Средневековье знает и вполне институциализированные формы либертинизма. Выходя за пределы официальной идеологии, они тем не менее обладают определенной нормативностью, выражая некоторый высший жизненный и нравственный идеал человечества. Это те проявления "карнавальной культуры", "гротескного реализма", которые описаны в известной книге М.М. Бахтина "Франсуа Рабле и народная культура Средневековья и Ренессанса". В сравнении с церковной традицией, которая составляет основной предмет нашего рассмотрения, они обладают двумя отличительными чертами. Во-первых, они представляют неофициальный, низовой, народный пласт культуры, не получивший своей доктринальной разработки и идеологически не оформленный. В этом смысле можно говорить о его маргинальности относительно господствующего в Средние века христианского мировоззрения. Во-вторых, этот культурный феномен в то же время оказывается тесно связанным с господствующей религиозной идеологией и практикой церкви, являя собой в некоторых отношениях их травестийное выражение. Он построен на пародировании, ироническом "снижении" доктринально-религиозного образа культуры, его смеховом дублировании и в этом смысле является дополнительным элементом мировоззрения, достраивающим несколько односторонний средневековый моральный идеал до некоторой цельности, придавая ему жизненную завершенность.

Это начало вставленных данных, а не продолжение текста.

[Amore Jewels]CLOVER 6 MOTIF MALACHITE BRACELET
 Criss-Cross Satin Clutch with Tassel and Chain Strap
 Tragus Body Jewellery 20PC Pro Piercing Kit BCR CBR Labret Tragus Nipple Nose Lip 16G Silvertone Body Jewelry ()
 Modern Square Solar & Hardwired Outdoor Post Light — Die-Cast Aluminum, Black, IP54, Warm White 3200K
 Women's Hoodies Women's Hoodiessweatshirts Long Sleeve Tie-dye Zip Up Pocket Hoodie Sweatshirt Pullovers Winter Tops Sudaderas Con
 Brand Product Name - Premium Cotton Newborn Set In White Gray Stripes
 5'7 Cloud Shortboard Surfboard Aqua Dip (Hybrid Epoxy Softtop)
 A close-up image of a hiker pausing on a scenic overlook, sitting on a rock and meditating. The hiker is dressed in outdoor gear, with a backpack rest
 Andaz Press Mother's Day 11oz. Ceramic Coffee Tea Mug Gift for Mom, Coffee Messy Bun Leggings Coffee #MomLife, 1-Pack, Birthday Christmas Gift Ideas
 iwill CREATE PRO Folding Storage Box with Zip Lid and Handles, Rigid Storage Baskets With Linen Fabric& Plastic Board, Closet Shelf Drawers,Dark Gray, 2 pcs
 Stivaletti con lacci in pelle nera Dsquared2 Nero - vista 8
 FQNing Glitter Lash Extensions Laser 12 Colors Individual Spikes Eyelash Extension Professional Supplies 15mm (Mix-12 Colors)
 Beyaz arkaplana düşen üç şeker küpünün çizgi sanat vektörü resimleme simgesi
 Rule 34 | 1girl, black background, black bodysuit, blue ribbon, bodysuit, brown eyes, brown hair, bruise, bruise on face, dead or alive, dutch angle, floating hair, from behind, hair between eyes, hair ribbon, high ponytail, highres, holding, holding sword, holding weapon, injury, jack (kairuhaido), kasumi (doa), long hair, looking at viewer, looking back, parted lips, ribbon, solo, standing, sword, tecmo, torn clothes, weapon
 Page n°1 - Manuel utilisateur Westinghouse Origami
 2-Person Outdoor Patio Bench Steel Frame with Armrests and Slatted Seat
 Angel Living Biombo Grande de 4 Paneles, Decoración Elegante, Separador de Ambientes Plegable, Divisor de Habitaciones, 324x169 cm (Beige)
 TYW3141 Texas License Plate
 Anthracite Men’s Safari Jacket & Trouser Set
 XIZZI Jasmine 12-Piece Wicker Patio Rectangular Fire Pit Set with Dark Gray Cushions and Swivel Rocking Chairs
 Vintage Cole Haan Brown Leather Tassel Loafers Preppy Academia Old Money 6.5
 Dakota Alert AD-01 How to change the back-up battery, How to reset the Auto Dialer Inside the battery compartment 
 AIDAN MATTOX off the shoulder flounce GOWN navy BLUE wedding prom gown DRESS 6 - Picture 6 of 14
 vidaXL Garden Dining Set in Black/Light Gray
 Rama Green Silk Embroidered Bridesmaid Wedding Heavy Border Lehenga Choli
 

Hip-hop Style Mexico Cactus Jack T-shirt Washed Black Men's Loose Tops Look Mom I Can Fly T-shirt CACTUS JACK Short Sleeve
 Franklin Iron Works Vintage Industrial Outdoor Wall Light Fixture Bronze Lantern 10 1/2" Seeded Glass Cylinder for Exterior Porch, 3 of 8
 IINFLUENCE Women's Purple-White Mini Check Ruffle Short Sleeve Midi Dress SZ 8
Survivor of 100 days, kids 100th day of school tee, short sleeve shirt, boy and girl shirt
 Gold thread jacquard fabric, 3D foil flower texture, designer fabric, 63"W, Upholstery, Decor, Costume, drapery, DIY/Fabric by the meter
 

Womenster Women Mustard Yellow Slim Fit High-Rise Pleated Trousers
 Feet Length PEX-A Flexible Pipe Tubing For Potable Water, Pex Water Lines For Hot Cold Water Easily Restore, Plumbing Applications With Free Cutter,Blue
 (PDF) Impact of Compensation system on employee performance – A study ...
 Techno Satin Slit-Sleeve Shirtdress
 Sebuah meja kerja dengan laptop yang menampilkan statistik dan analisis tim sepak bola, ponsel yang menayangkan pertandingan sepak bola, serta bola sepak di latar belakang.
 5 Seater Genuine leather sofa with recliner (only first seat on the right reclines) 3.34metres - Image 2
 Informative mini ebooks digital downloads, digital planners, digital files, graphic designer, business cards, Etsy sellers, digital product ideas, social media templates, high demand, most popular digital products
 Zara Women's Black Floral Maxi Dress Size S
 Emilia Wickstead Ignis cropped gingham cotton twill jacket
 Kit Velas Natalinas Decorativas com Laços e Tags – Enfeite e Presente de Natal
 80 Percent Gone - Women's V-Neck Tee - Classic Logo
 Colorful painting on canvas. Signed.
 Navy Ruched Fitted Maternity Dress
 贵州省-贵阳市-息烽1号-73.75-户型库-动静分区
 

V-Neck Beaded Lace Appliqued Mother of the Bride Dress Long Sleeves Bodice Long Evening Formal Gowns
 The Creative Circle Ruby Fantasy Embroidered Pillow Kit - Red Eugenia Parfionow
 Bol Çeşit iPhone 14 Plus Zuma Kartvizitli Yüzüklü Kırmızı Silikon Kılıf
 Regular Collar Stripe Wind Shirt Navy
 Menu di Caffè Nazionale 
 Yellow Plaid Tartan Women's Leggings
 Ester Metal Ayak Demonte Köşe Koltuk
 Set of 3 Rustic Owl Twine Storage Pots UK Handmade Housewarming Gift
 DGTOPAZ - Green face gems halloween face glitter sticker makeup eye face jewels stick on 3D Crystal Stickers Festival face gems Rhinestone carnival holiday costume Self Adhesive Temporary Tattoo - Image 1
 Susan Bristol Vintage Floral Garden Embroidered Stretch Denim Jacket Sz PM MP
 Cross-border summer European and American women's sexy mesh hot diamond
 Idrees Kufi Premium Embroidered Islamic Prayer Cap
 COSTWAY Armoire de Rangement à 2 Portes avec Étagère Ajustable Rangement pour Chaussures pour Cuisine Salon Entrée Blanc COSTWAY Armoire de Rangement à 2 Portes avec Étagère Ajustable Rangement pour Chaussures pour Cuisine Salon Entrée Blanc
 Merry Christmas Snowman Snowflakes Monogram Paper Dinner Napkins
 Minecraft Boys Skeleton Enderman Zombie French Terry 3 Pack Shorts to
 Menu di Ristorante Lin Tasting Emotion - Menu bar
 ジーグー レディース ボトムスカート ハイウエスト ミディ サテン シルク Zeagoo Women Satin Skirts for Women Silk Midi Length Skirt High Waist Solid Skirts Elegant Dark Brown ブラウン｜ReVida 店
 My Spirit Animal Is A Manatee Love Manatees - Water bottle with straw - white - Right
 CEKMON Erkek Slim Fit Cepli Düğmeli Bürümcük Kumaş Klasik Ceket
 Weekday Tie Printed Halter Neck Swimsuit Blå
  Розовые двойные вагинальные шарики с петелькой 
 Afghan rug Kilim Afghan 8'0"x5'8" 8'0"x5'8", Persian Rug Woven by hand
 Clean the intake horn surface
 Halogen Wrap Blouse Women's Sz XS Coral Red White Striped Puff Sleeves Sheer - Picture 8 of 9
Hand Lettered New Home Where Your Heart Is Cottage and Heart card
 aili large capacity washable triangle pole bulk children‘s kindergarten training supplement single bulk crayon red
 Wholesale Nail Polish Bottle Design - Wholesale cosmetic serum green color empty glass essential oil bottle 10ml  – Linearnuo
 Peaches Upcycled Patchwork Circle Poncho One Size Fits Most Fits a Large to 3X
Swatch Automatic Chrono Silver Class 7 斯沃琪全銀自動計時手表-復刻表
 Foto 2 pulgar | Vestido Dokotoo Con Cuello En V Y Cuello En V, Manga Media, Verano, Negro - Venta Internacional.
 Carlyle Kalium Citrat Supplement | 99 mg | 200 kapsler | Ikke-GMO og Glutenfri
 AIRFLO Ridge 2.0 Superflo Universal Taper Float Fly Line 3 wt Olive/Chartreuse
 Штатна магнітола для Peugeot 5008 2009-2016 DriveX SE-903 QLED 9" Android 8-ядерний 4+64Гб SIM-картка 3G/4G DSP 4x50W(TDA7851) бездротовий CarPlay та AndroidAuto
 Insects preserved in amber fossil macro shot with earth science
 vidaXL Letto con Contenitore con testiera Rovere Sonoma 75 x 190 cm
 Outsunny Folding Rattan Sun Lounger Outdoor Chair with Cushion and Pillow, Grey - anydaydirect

М.М. Бахтин подчеркивает, что для официальной средневековой культуры характерна "односторонняя серьезность тона". Каноническая церковная традиция, ориентированная на идеал страдательности и жертвенности, не допускала в него смеховые начала (в Евангелиях не было места смеху, шутке и иронии). Вытесненные из верх-

них этажей общественной жизни, они нашли себе приют там, где всегда и существовали - в празднике, гулянье, карнавале. В них продолжала жить традиция римских сатурналий. Особенно интересны в этом смысле "праздники дураков" и "пасхальный смех". Широко распространены были пародии Via различные формы церковной практики - молитвы, гимны, литании, литургию. Характерно, что зачастую авторами их были люди духовного звания. Известный деятель каролингского Возрождения фульдский аббат Рабан Мавр создал ироническую версию вечери, где, по его словам, распоряжается "вторая, дурацкая природа" человека. В таком качестве смеховая культура выражает амбивалентность самого средневекового идеала и представляет тот аспект нравственной жизни народа, который связан с землей, производящими силами природы, человеческим "естеством", эмоционально-чувственной составляющей человека, и прежде всего с его телом.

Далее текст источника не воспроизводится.